Chromium is an important industrial metal used in various products/processes. Remediation of Cr contaminated sites present both technological and economic challenges, as conventional methods are often too expensive and difficult to operate. In the present investigation, Zero-valent iron (Fe0) nanoparticles were synthesized, characterized, and were tested for removal of Cr(VI) from the soil spiked with Cr(VI). Fe0 nanoparticles were synthesized by the reduction of ferric chloride with sodium borohydride and were characterized by UV–Vis (Ultra violet–Visible) and FTIR (Fourier transform infrared) spectroscopy. The UV–Vis spectrum of Fe0 nanoparticles suspended in 0.8% Carboxymethyl cellulose showed its absorption maxima at 235 nm. The presence of one band at 3,421 cm−1 ascribed to OH stretching vibration and the second at 1,641 cm−1 to OH bending vibration of surface-adsorbed water indicates the formation of ferrioxyhydroxide (FeOOH) layer on Fe0 nanoparticles.
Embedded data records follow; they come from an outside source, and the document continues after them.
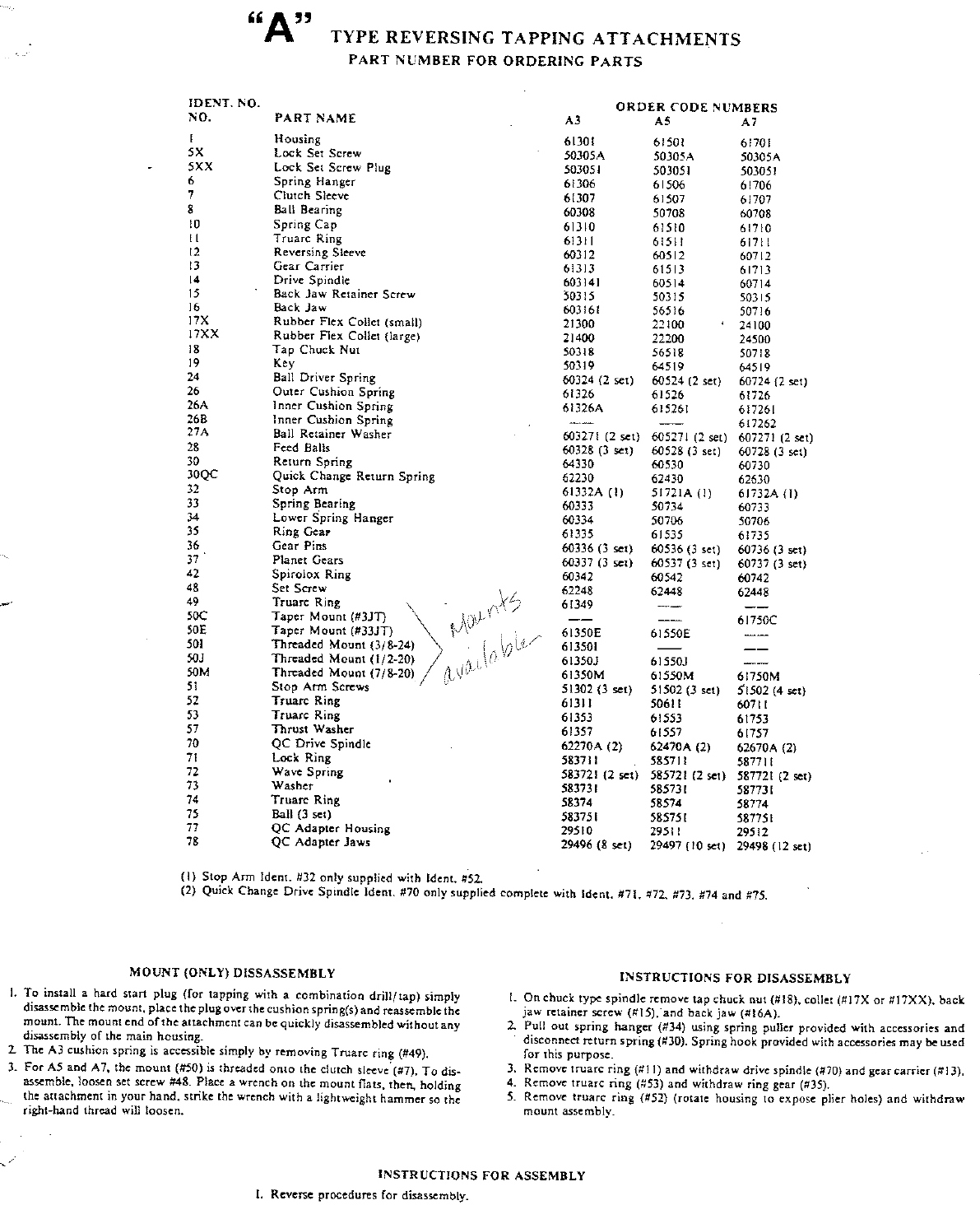 Tapmatic A3, A5, A7 Tapping Head Manufacturer Info.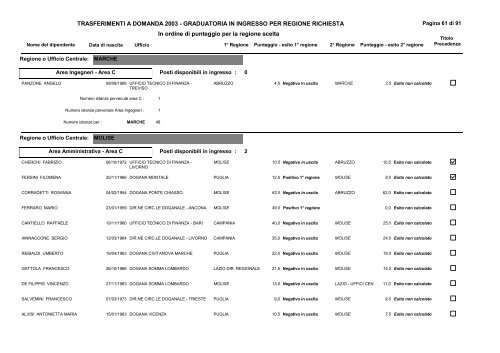 1) Graduatoria ingresso - CISL FPS Finanze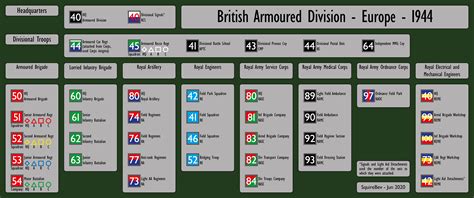 A Guide to British Vehicle Markings - British Vehicles - HMVF - Historic Military Vehicles Forum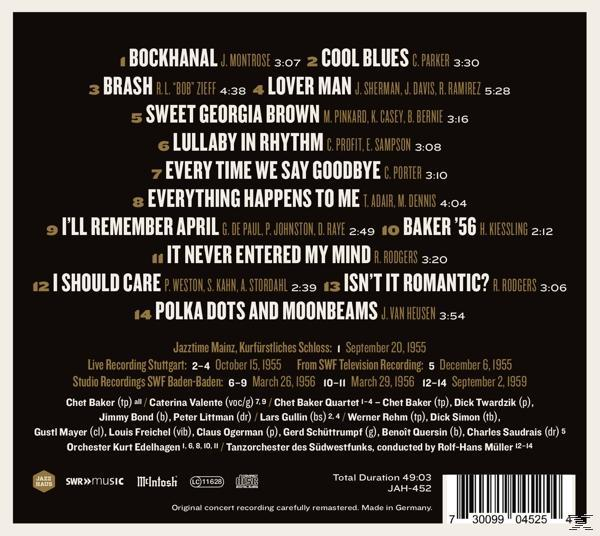 Albumcover mit Jazz-Songliste, Aufnahme- und Künstlerinformationen.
The mean crystalline dimension of Fe0 nanoparticles calculated by XRD (X-ray diffraction) using Scherer equation was 15.9 nm. Average size of Fe0 nanoparticles calculated from TEM (Transmission electron microscopy) images was found around 26 nm. Dynamic Light Scattering (DLS) also showed approximately the same size. Batch experiments were performed using various concentration of Fe0 nanoparticles for reduction of soil spiked with 100 mg kg−1 Cr(VI). The reduction potential of Fe0 nanoparticles at a concentration of 0.27 g L−1 was found to be 100% in 3 h. Reaction kinetics revealed a pseudo-first order kinetics. Factors like pH, contact time, stabilizer, and humic acid facilitates the reduction of Cr(VI).